What's Happening Now
The timing gives the comment weight. On May 1, the White House issued an executive order expanding sanctions authority against people and entities tied to Cuba's government, security apparatus, corruption, serious human rights abuse, and key sectors of the Cuban economy.
The order says the Cuban government's policies and actions "continue to constitute an unusual and extraordinary threat" to U.S. national security and foreign policy. The White House fact sheet says Cuba provides "a permissive environment for hostile foreign intelligence, military, and terrorist operations less than 100 miles from the American homeland."

The State Department lists Cuba as one of four current state sponsors of terrorism, alongside North Korea, Iran, and Syria. The department says that designation can trigger restrictions on U.S. foreign assistance, defense exports and sales, dual-use exports, and other financial restrictions.

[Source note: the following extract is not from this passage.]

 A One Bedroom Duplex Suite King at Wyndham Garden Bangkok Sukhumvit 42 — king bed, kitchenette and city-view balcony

Human rights claims also sit behind the administration's case. The State Department's 2024 Cuba report cited credible reports of arbitrary or unlawful killings, disappearances, torture or cruel treatment by the government, arbitrary detention, transnational repression, serious restrictions on expression and media freedom, religious freedom restrictions, trafficking in persons, state-sponsored forced labor, and restrictions on independent unions.
The Iran Link
Trump's Cuba aside was framed as something that could happen after Iran. That matters because primary U.S. sources show the Iran operation was not hypothetical.
U.S. Central Command said forces would begin implementing a blockade of maritime traffic entering and exiting Iranian ports on April 13, while not impeding navigation to and from non-Iranian ports through the Strait of Hormuz. CENTCOM also said U.S. Navy destroyers had begun setting conditions for mine clearance in the Strait of Hormuz on April 11.

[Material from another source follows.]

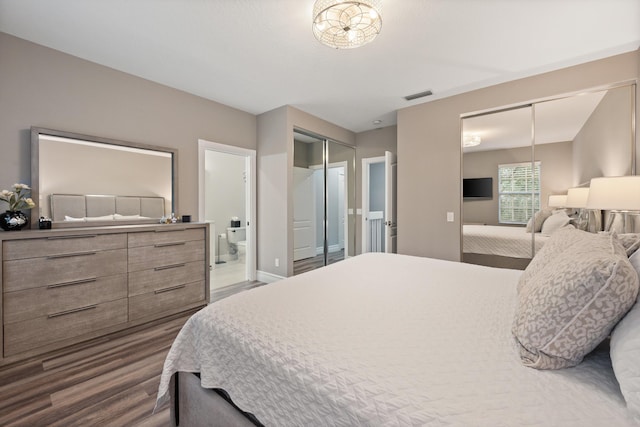 bedroom featuring connected bathroom and dark hardwood / wood-style floors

Treasury's Office of Foreign Assets Control posted Iran-related actions on May 1, including an alert on sanctions risks tied to Iranian demands for Strait of Hormuz passage. That timing shows the administration was tightening both military and financial pressure around Iran while also expanding sanctions pressure on Cuba.

The Abraham Lincoln reference is also grounded in recent military imagery. Wikimedia Commons lists a U.S. Navy photo from March 2 showing the Nimitz-class aircraft carrier USS Abraham Lincoln conducting flight operations in support of Operation Epic Fury. Trump's claim that it is "the biggest in the world" should be treated as his phrase, not an independently verified specification.
The Conservative View
Conservative supporters of a harder Cuba line argue that Havana is not only a human rights problem, but a security problem close to Florida. The White House fact sheet says Cuba maintains ties with hostile states and provides space for intelligence, military, and terrorist operations near the United States.

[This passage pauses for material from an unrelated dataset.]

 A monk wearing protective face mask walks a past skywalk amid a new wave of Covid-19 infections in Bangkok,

That argument gives the administration a national-security frame for sanctions and military signaling. If Cuba is treated as part of a broader hostile network involving Iran, hostile intelligence activity, and regional instability, supporters can argue that pressure on Havana is a defensive measure aimed at protecting Americans.
The strongest version of that case is not that a carrier should force surrender tomorrow. It is that Washington should make the costs of regime support higher for Cuban officials, foreign banks, security entities, and outside actors that help Havana resist U.S. pressure.
The Progressive View
Progressive critics and war-powers advocates see a different risk. They can accept that Cuba's government represses political opponents while still warning that military threats could bypass Congress and worsen civilian hardship.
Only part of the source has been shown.